The Double Movement’s Continuum

Thursday, 19 July 2018: 17:45
Oral Presentation
Tijo SALVERDA, University of Cologne, Germany
Karl Polanyi’s double movement continues to provide a useful concept for understanding different forces in the organisation of capitalism, even though he himself was relatively pessimistic about the successes of the countermovement. In reality, outcomes appear more varied and often less apocalyptic than Polanyi envisioned. To better understand the limits and potential for transforming capitalism, I argue that portraying the double movement as a stark dichotomy between market representatives and its countermovement may not be very helpful. Instead, the double movement is often a continuum from pro-market fundamentalists, to more liberal market representatives, to actors that are only marginally critical of market society, to the fiercest anti-capitalist critics. To understand (the lack of) transformation, it is important to acknowledge the varieties and interactions within and between actors on the different sides.

Starting from my research on large-scale land acquisition in the Global South, yet also discussing many other expressions of market society, I argue that to explain outcomes we have to particularly include the (potential) impact of ‘extreme’ forces on both sides of the continuum – i.e. market fundamentalists and anti-capitalist critics.
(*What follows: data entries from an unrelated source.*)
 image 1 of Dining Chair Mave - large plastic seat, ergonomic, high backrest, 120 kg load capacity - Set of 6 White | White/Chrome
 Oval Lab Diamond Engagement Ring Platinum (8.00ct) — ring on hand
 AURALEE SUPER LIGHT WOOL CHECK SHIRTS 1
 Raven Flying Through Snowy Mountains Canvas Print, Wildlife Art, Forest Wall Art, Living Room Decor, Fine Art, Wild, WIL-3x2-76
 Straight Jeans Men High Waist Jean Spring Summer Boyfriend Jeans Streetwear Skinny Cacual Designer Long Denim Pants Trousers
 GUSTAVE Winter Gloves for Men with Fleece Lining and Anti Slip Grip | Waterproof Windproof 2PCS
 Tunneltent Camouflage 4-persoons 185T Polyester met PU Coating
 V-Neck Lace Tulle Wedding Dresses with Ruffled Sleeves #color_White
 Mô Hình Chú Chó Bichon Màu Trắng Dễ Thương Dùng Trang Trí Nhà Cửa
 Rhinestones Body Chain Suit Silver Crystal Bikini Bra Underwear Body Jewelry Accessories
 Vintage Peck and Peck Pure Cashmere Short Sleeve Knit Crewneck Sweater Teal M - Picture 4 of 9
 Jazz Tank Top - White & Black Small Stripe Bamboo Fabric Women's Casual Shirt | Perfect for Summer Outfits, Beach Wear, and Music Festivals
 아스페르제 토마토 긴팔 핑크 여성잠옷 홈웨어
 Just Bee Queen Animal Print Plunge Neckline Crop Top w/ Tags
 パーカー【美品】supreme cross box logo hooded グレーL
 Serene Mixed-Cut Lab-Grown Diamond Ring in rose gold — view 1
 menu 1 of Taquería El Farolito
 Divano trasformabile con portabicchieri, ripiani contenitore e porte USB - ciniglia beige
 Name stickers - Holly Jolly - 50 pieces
These forces may often not accomplish their aims, yet due to their vocal presence they may pull outcomes towards more or less equal distribution. In a strict sense, Marx’s and Hayek’s hopes may not have become realities, yet they have strongly influenced past and current realities of capitalism. With Hayekian thinking having the upper hand in recent decades, transformation will accordingly only come from fierce opposition able to persuade large parts of the continuum of letting capitalism work for the many and not for the few. This opposition, I furthermore argue, needs continuous attention, because countering capitalism will probably always remain ambiguous and unfinished – yet we may nevertheless accomplish fairer outcomes than we currently do.